3. 'fvalue.txt' File: This file, which contains the weighted
oscillator strengths (gf) for the bound-bound transitions in length
and velocity forms, is generated by the stage STGBB of the R-matrix
code and is included with no modification apart from adding extra
data. The added data are the bound-bound weighted oscillator strengths
for the eight uppermost bound states, namely the 1s^2^2s2p(^3^P^o^)3d
^4^F^o^ and ^4^D^o^ levels, which were generated by Autostructure [2]
and then added manually to the 'FVALUE.dat' file. The reason is that
these states have very large effective quantum numbers and hence are
out of range of the R-matrix code validity.
4. 'transitions.txt' File: This is the main output file of the
'Emissivity' code [3]. The file starts with a number of text lines
summarizing input parameters and statistical information, followed by
a few commentary lines explaining the symbols and units. This is
followed by a number of data lines matching the number of transitions
(6187). The data for each transition include an index identifying the
transition, status (FF, FB or BB transition where F stands for Free
and B for Bound), two joined boolean flags describing the experimental
state of the energy data of the upper and lower levels ('0' for
theoretical data and '1' for experimental), the attributes of the
upper and lower levels (configuration, term, 2J and parity),
wavelength in vacuum (in Angstrom), wavelength in air (which is only
for lambda > 2000 Angstrom), the radiative transition probability (in
s^-1^), and the recombination coefficients (in m^3^.s^-1^)
corresponding to the given 10-based logarithmic temperatures (2.0-4.6
in steps of 0.1). The number density of ions (N_i) and electrons (N_e)

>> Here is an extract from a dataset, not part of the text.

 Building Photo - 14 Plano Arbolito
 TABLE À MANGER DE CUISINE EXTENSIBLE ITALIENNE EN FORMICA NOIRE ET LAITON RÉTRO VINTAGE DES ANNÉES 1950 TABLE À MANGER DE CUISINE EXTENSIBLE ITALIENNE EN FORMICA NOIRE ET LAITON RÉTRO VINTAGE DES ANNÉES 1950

for these data is 1E+10(m^-3^).
It should be remarked that the first three files are in the format of
the input files of Emissivity code [3]. The reason for this is to
enable other researchers to produce transition data for different
input parameters (such as temperature and number density) or produce
other types of data such as emissivity, normalized emissivity, and
decay routes, as well as performing analysis on observational data
related to C II transitions. The oscillator strengths and the
resonance and bound states data may also be useful to some. All these
aspects are detailed in the Emissivity code paper [3] and manual.
Other relevant details can also be found in [4].